The secret to sounding cool is to think about what you want to say before you say it.
“Think first and then talk.”
Everyone is painfully aware when someone is talking before thinking. Often the talk is wasted because no one listened as the speaker rambled here and there without coherence and organization.
To be a better communicator in the air and on the ground, pay attention to this axiom. It’s the only way your message will be concise.
And if it’s clear and concise, it might just be heard by the audience you are talking to, whether it be your colleague, your business team, or your teenager.

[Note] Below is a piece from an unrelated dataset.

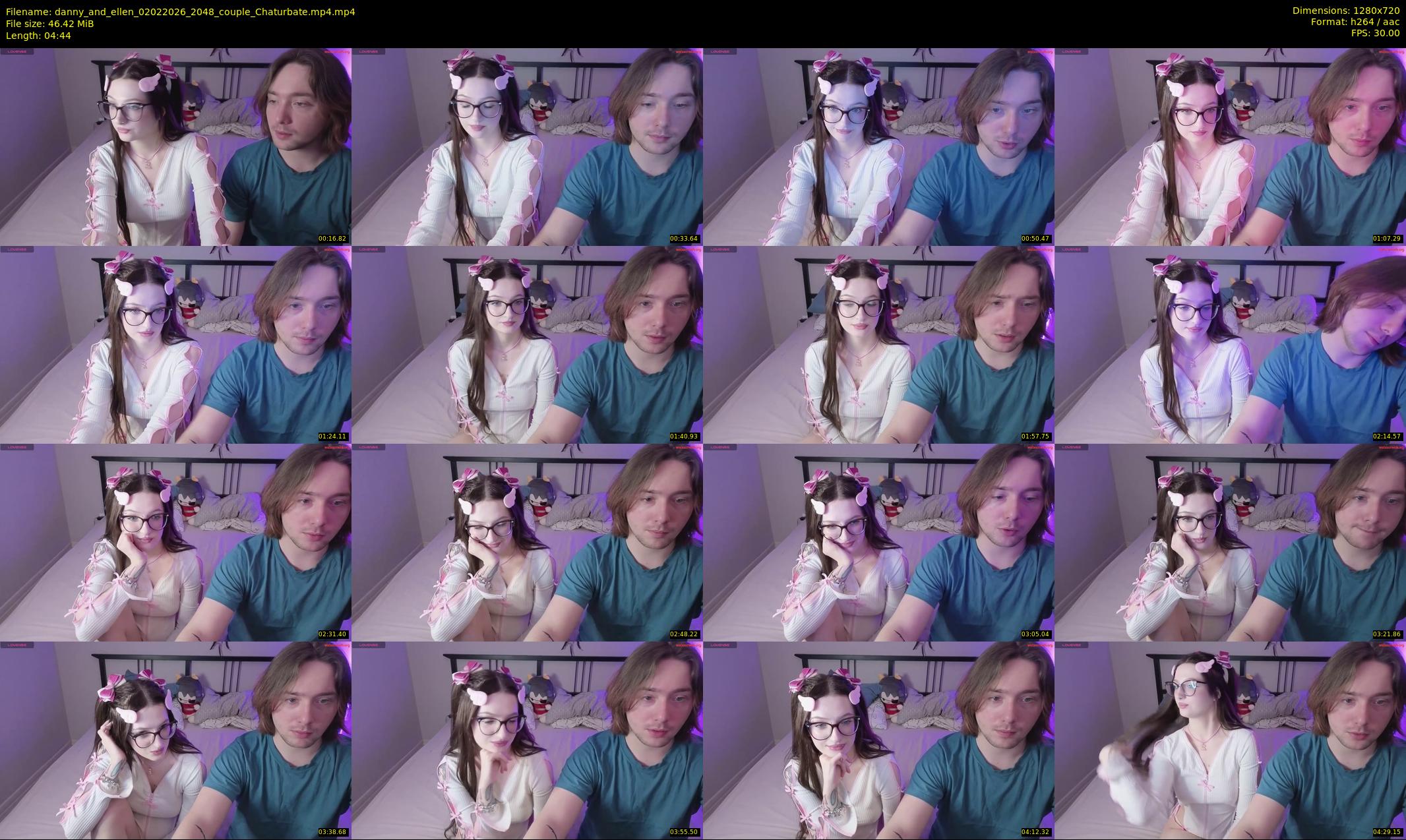 danny_and_ellen — 5 minute Chaturbate couple cam show recording, 720p, Feb 2, 2026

A while back I was asked to deliver a TEDx Talk on High-Trust Leadership in 12 minutes. Whew. My usual presentation was an hour or more. I had to distill it down to its essence. It took me about six tries to get there. Each cut was difficult. But when I finally got it right, it made my subsequent presentations so much better. Because I make the effort to get very clear about the core of my message. Everything else was illustrations, examples, and supporting information.
From Harvard Business Review: “Say Less and Convey More:”
When you’re giving a presentation and nervousness kicks in, it’s tough to be brief. But, your audience expects you to state your conclusion and stand behind it, not ramble on aimlessly. You can only do that if you zero in on the purpose.
When you prepare for your talk, work backwards.
Before you put anything down on paper, know the key message you want your audience to remember. Ask yourself: If my presentation were 30 seconds instead of 30 minutes, what would I say? Force yourself to summarize your key point. Once you’ve done that, think through what other information you’ll need to support that point.
Be a High-Trust Leader: say less and convey more.